Вольер (Дымовская) - страница 143

– Ах, ты ж! Гаусс и его распределение! – невнятно выругался над его головой Виндекс, и руки, заботливые, дрожащие (неужто от страха за него, за Тима?) с усилием перевернули скрючившееся тело, сомкнулись позади – дышать сразу стало просторней.

И рой порхающих птичьих голосов, встревоженно недоуменных:

– Тимофей, вы видеть, слышать нас? Тимофей, будьте ангел, ответьте, как можете? – ворковала над ним сиреневая тень.

– Ч‑што с вами, дорогой господин Нилов? Ах, как неосторожно! Ак‑гх, как! – гудел, будто пойманный шмель, Бен‑Амин‑Джан, черный человек Лизеру. При этом даже и Тиму хватало ума понять – Бен‑Амин‑Джан представления не имеет, что случилось, и в чем, собственно, заключается неосторожность. Но это обстоятельство никоим образом не влияло на его хлопотливое участие: – Н‑хадо его поднять, нет‑нет… ниг‑каких «сервов», я гх‑сам. Мы кх‑сами.

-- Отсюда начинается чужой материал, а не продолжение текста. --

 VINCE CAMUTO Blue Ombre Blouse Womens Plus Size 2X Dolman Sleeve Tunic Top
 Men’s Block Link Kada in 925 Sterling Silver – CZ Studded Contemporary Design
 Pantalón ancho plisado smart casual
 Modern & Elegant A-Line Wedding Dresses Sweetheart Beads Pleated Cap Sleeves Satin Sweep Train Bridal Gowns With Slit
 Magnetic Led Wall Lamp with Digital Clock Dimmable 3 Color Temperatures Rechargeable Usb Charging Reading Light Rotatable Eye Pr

– Ивар! Да помогите же! Что вы стоите как пришибленный памятник? – донесся до Тима нервный и требовательный призыв Ниночки Аристовой.

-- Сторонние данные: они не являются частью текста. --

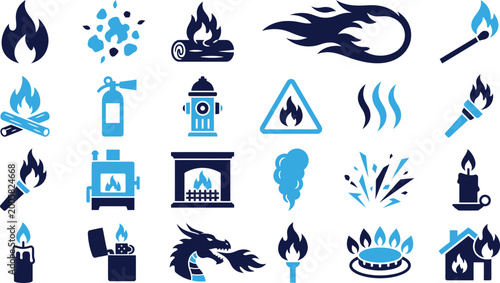 Photography Set of fire and heat related icons symbols and design elements for energy and danger concepts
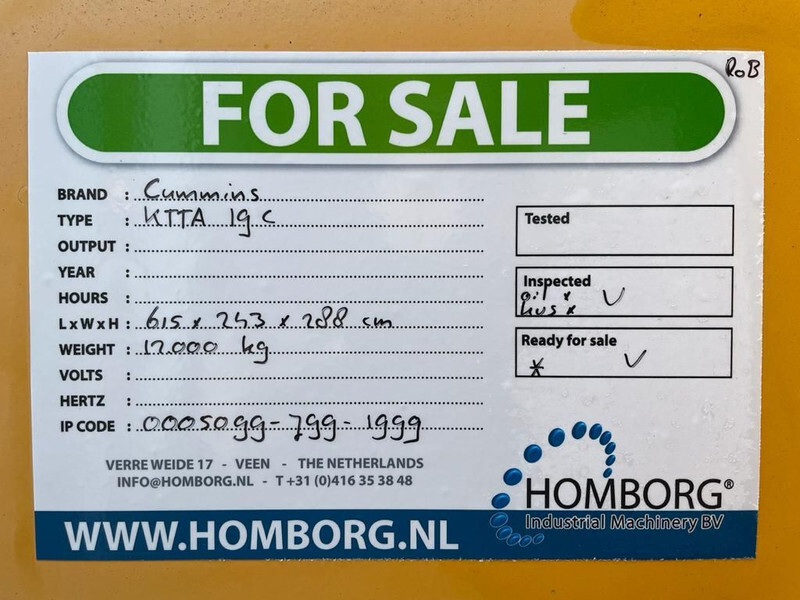 Електрогенератор Cummins KTTA 19 C Dieselmotor in container 585 PK: снимка 16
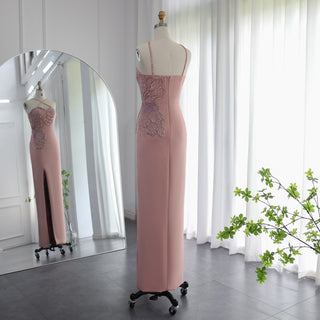 2024 Luxury Dubai Evening Dress in Pink with Butterfly Beaded Detail and Crisscross Straps: Ideal for Arabic Women's Wedding Party Gowns with Slit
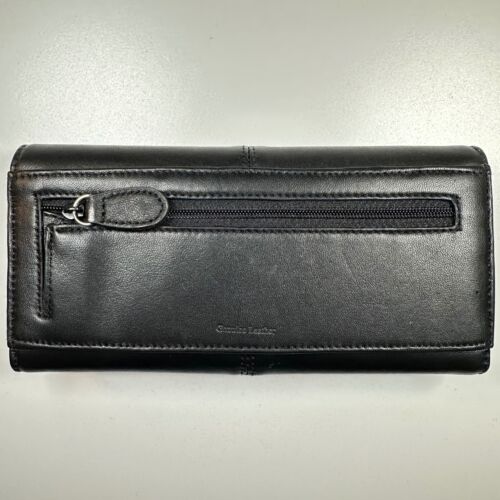 Echtleder Damen Tri-Fold Geldbörse Druckknopfverschluss Clutch Elegant *2 Größen* - Bild 23 von 48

Тима подхватили, понесли, а может, всего лишь приподняли и попробовали усадить – он не мог этого ощутить до конца, так шатало и мутило, и неясно было, где верх, где низ. На лоб его, словно бы покрывшийся ледяной коркой, легла чужая, теплая и мягкая ладонь – Вероника, спасибо тебе! Именно тепла, человечьего и животного, не хватало ему более всего. Но все равно, он не был в состоянии смотреть осмысленно, и вот как раз теперь отчаянно отдался страху. В Коридоре не боялся, не чувствуя ни плохого, ни хорошего, да и вообще ничего, но убоялся вдруг, когда все осталось позади. Бездна разверзлась по‑настоящему, свирепо и бездонно, когда он спас себя чудесным и едва понятным образом, когда узнал уже вкус подлинной смерти. Однако устрашился Тим вовсе не ее.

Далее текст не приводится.